塚本晋也『野火』9年目、戦後78年のアンコール上映決定 終戦記念日中心に全国で
塚本晋也監督の映画『野火』(2015)が、公開から9年目となる戦後78年を迎えた今年も、終戦記念日を中心に、渋谷・ユーロスペースをはじめ全国30館の劇場(7月20日現在)でアンコール上映されることが決定し、塚本監督がコメントを寄せた。
『野火』は、作家・大岡昇平による同名小説の映画化作品。極度の飢餓状態のなか、第2次世界大戦末期のフィリピン・レイテ島をさまよう日本兵・田村(塚本晋也)が目の当たりにする、むごたらしい戦争の現実を映し出す。塚本監督が監督・主演・製作・撮影・編集を手掛けた渾身の一作で、共演にはリリー・フランキー、中村達也、森優作らバラエティー豊かな俳優陣がそろった。

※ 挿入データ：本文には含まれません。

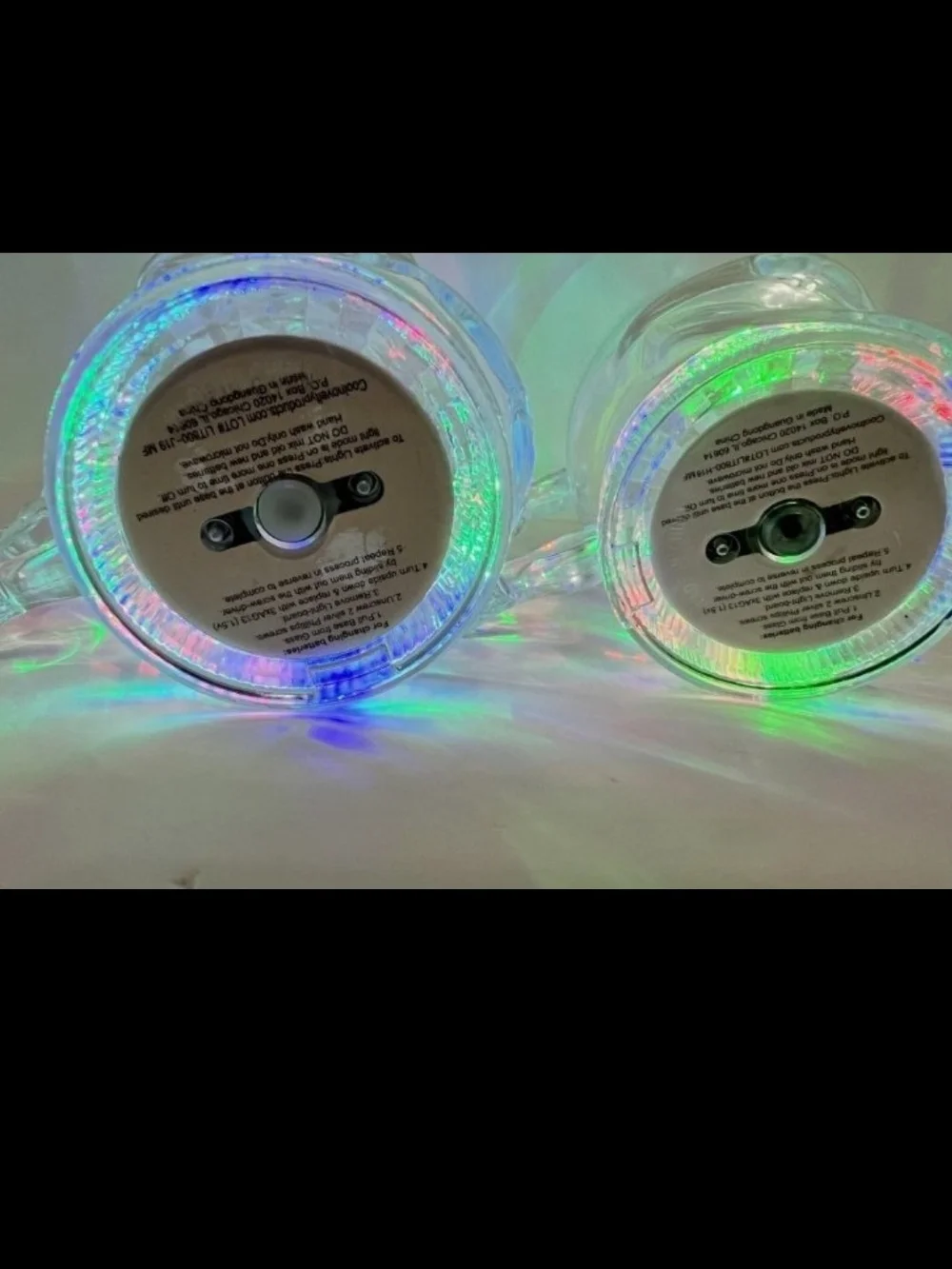 Disney Skull Glow Cup Pirate Mickey Light Up Pirates of the Caribbean SET OF 2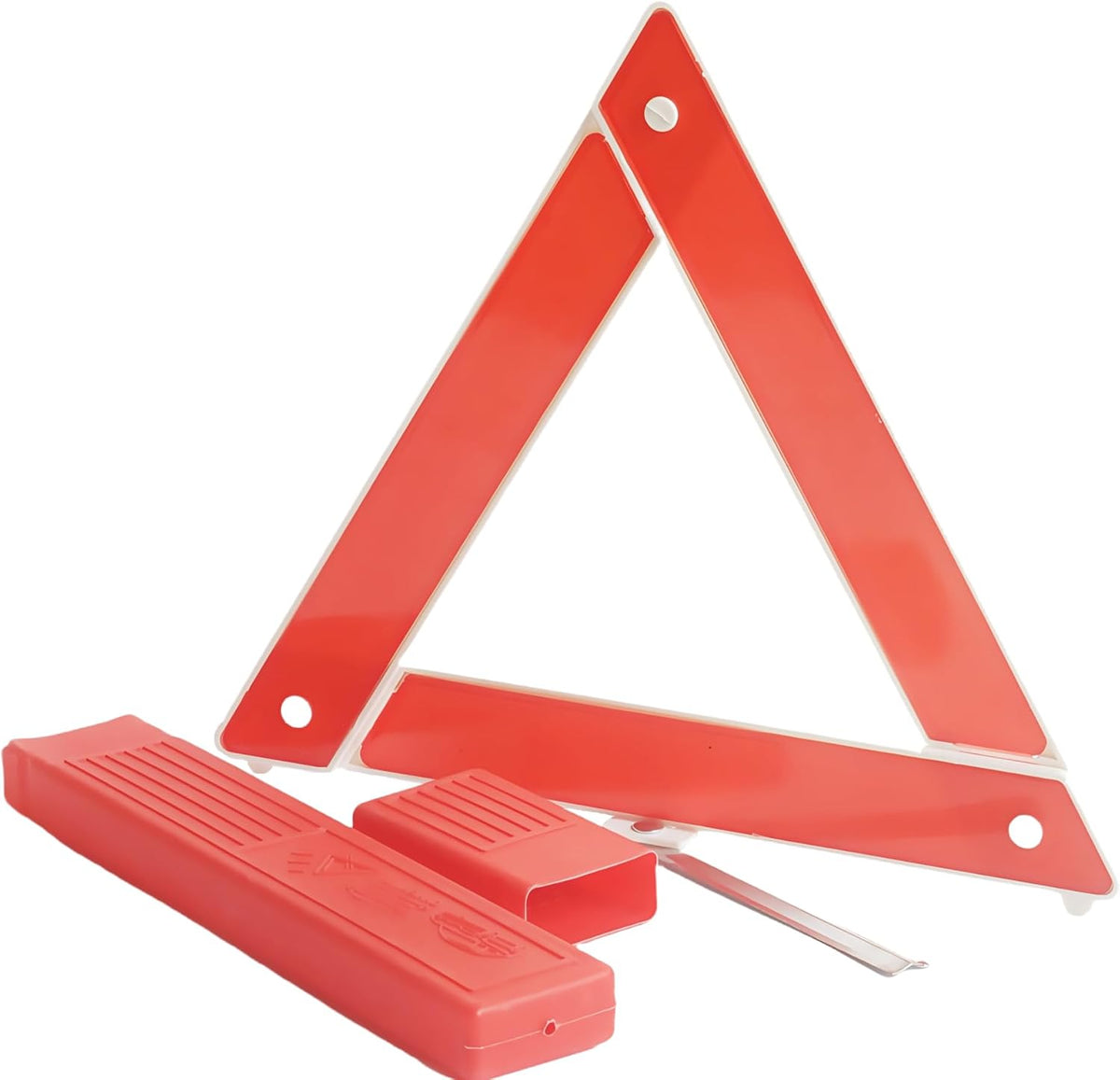 3 Pack Emergency Warning Triangles for Vehicles, Foldable Reflective Roadside Safety Triangles with Storage Case, Car Emergency Breakdown Hazard Sign Kit for Truck SUV Auto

戦後70年にあたる2015年の夏に劇場公開され、「『野火』を毎年終戦記念日に上映されるような映画にしたい」という塚本監督の思いに共感した劇場で、毎年アンコール上映を重ねてきた。初年度からの劇場・自主上映含む総観客動員数はおよそ9万8,300人にのぼるという。
各劇場のアンコール上映予定、イベント予定等実施の詳細は劇場オフィシャルサイト、『野火』オフィシャルサイト・SNSにて随時発表される。また今年は、書籍「塚本晋也×野火」(游学社)に掲載されていた、第2次世界大戦に関する詳細な解説とシナリオを採録したオールカラー70ページの新装版パンフレットを上映劇場で販売する(一部劇場を除く)。
塚本監督は、趣里と森山未來をキャストに迎えた、『野火』『斬、』の流れを汲む新作『ほかげ』が11月25日から全国公開予定。(編集部・入倉功一)
塚本晋也監督コメント
9年目の『野火』になります。
戦後70年の夏から毎年上映を続けることができたのは、理解を示してくださった多くの劇場さんと、見てくださる皆さまのおかげです。
ウクライナの戦争が終わらず、世界の状況が底の抜けたように不安に満ち、何が正しいのかさえはっきり言えない世の中になってきたと言えます。
そんな時にこそ、大岡昇平さんからのメッセージ、『野火』に立ち返ってみて欲しいです。
戦争が始まれば、何が起こるのか。 人はどう変わってしまうのか。
その上で様々な議論が展開されることを望んでおります。
『野火』。 今こそさらに多くの皆さんに観ていただきたいと思います。